Saturday, April 23, 2011

EAST NEW YORKERS ORGANIZE AGAINST MEGA-DEVELOPER RELATED COMPANIES FOR FAILING TO COME CLEAN ON WALMART

Barron, Small Business Owner, Local Leaders Say Related Wouldn’t Have to Duck Gateway Mall Questions if it Partnered with Trustworthy Stores
Barron to Go Store-to-Store to Mobilize Small Business Owners in Fight Against Developer’s Plans for a Wal-mart

Today Councilman Charles Barron joined with community leaders, residents, local business owners including the owner of New Lots Hardware Eddie Peralta in front of his local business to slam Gateway Mall developer Related Companies for failing to come clean on plans for Gateway II with regard to Wal-mart

Neighborhood residents and business owners oppose Wal-mart because they say the world’s richest retailer can’t be trusted, with its past record of pushing out local retailers, discriminating against African-Americans, Latinos, and women, and running expensive public relations campaign instead of answering questions at public hearings.
Wal-Mart is trying to buy its way into our communities with a massive ad campaign, fancy commercials, and a slick website, instead of participating in open and public hearings and answering the community’s concerns. We are demanding that the Related Companies honor the City Council agreement not to bring Wal-Mart to our community,” said Councilman Charles Barron. “The reality is that Wal-Mart is a predatory retailer that pays low wages,provides inadequate healthcare and pensions and are anti-union. If Wal-Mart comes in, jobs will be lost.

Nathan Bradley of Community Board 5 says, "I have placed many phone calls to Related companies to asked them to come to our community board meeting to present their plans for Gateway II to CB 5, but they have ignored the community and have not responded to the many requests".

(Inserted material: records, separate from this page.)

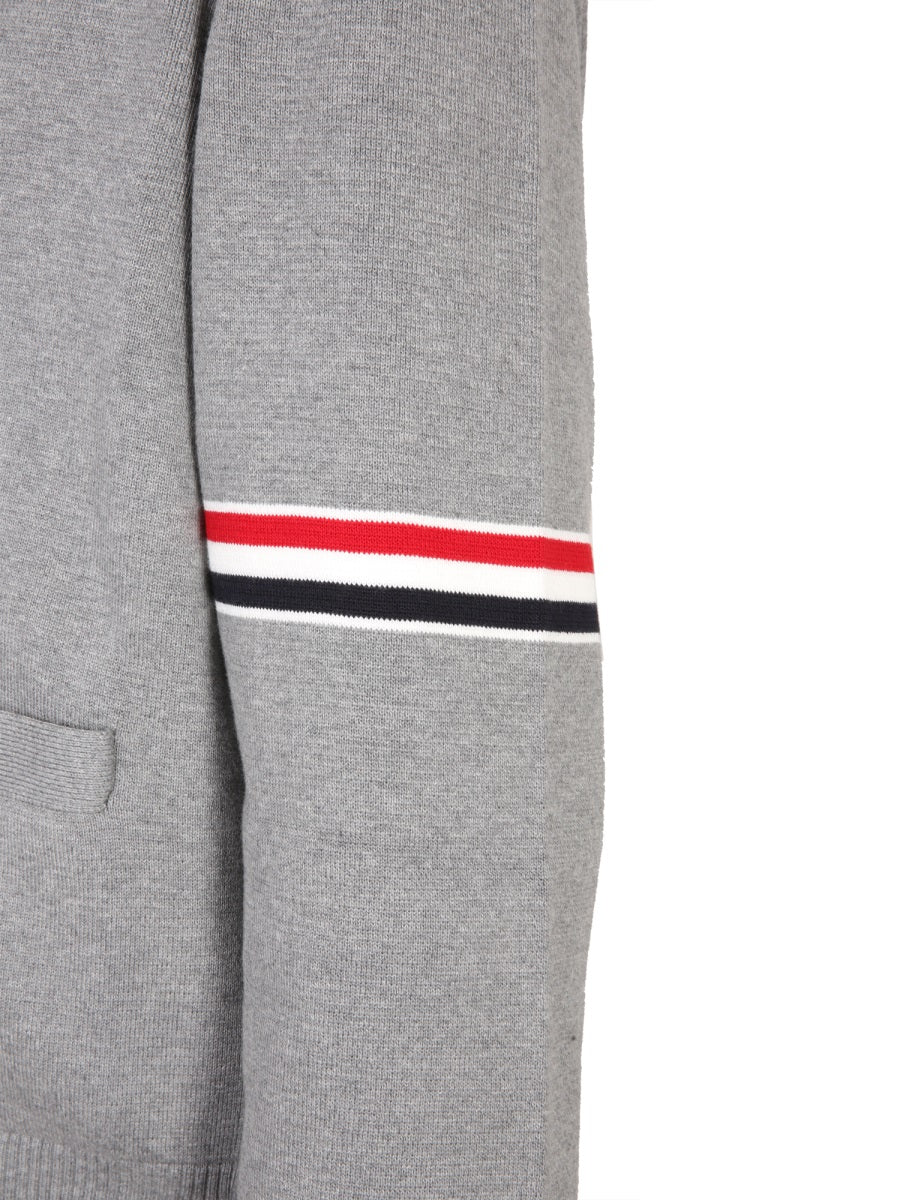 Thom Browne V-NECK CARDIGAN MKC310AY3007055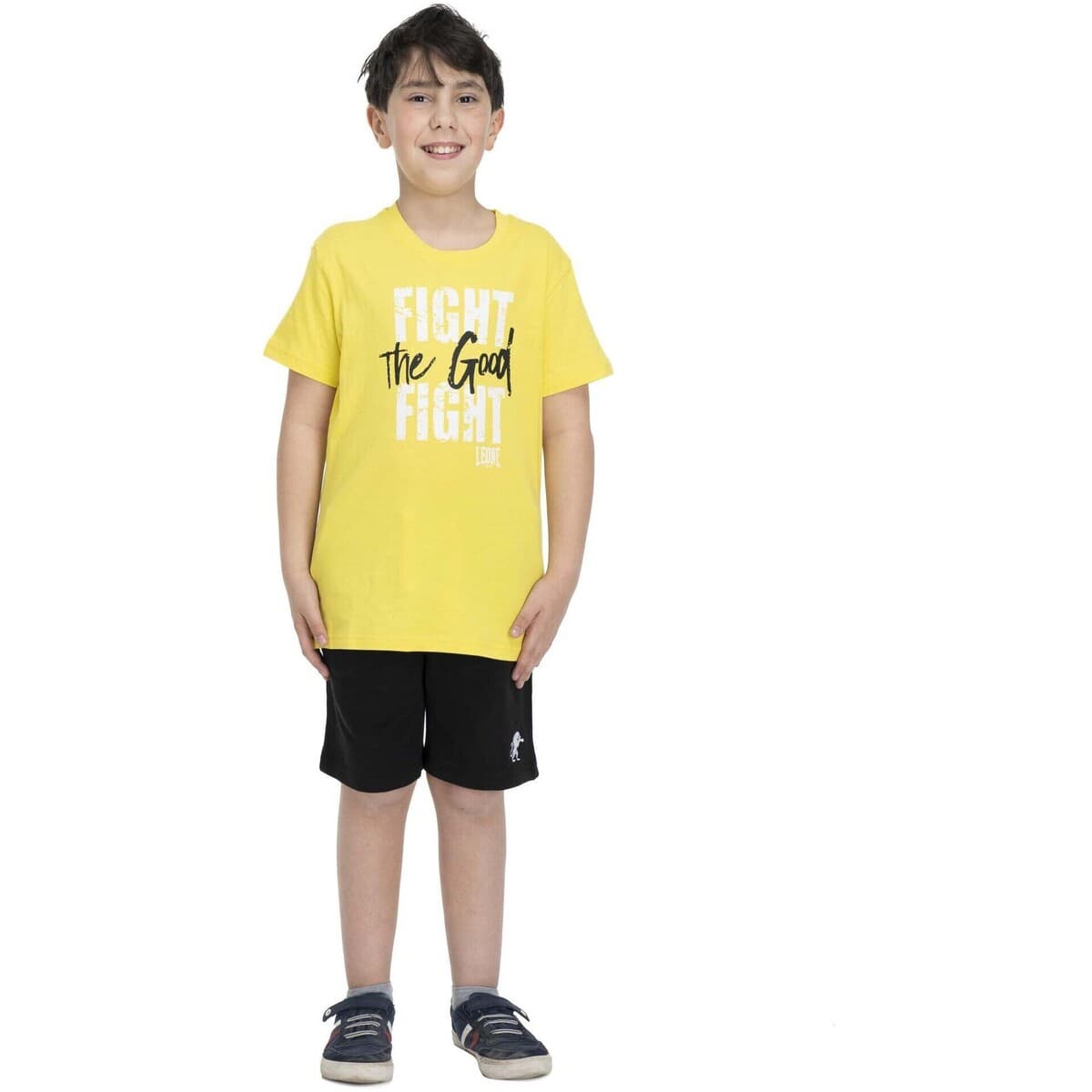 Boys' T-Shirts Leone 1947 Yellow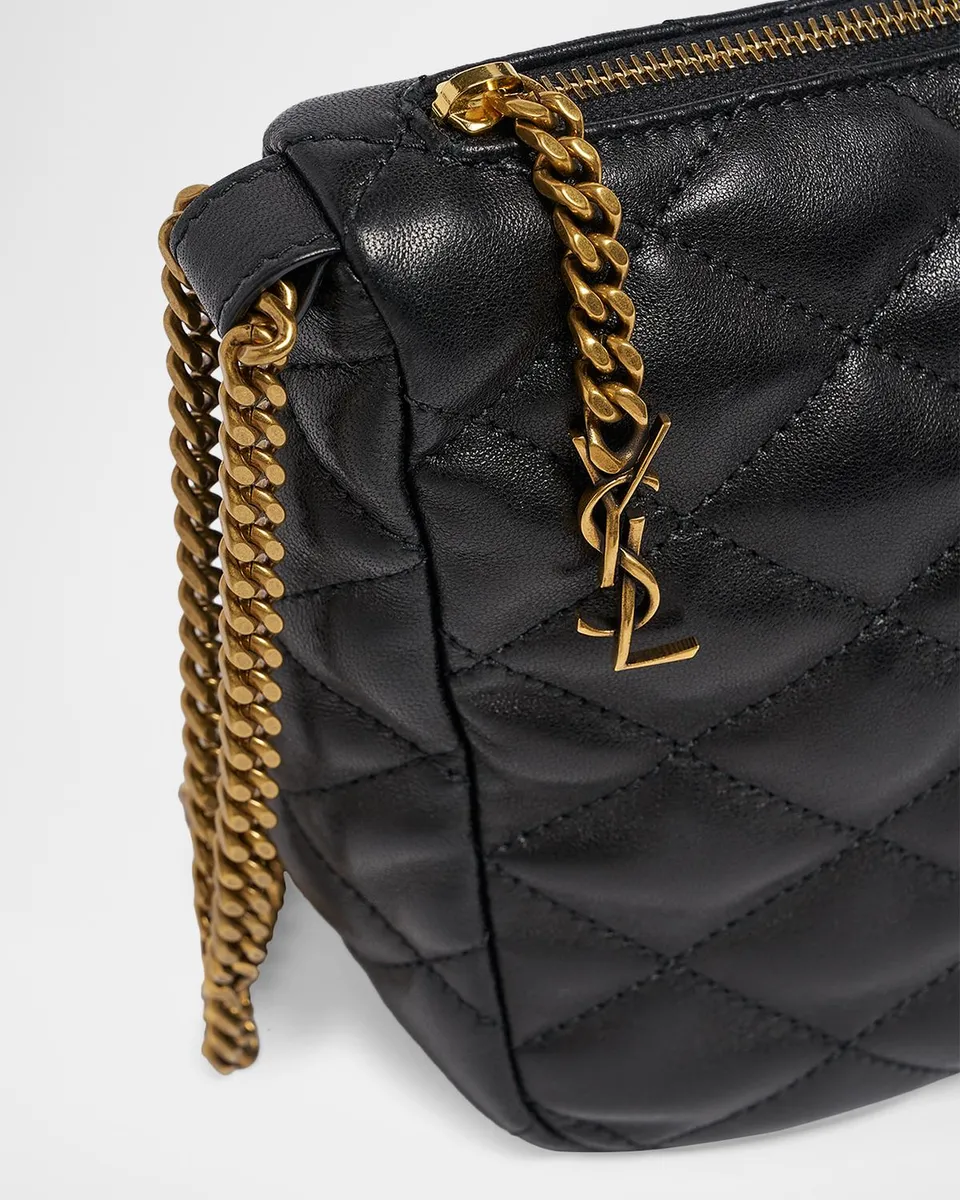 Saint Laurent Cassandre YSL Quilted Leather Shoulder Bag | Thumbnail 6 Saint Laurent Cassandre YSL Quilted Leather Shoulder Bag | Thumbnail 6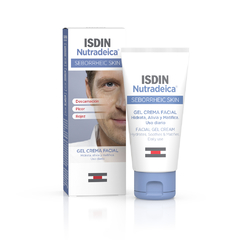 Isdin Nutradeica Gel Crema Facial 50ml - comprar online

I have tried to communicate with Wal-mart with no success. We would like them to participate in our community forum on April 28, 2011. It will be a good opportunity to speak with community residents. Unfortunately no one has responded," said Anna Aguirre, from community organization UCC.
  • Wal-mart says it will build stores with union labor and pay employees above-average wages. They said the same thing in Chicago- spending $2.5 million on favorable advertising in the first 6 months of 2010. But as soon as Wal-mart won the zoning approval it needed, it said it never made a wage promise (June 2010), and publicly distanced itself from union labor (Feb 2011)
  • According to an April 2011 Crain’s Chicago investigation, Wal-mart’s “benefits to minority contractors didn’t match the hype,” with much of the large-scale work going to non-minority firms.
Wal-mart doesn’t share our values- they’re facing the largest gender bias class-action lawsuit in U.S. history, they sell more guns than any company in the world, and they deny workers a fair day’s pay and breaks,” said Maria Maisonet, East New York resident. “New Yorkers know better. We know past track records matter. And that’s why small business owners, tenant leaders, and community leaders are coming together to agree: Wal-mart doesn’t share our values, it can’t be trusted to keep its word, and doesn’t belong in East New York.”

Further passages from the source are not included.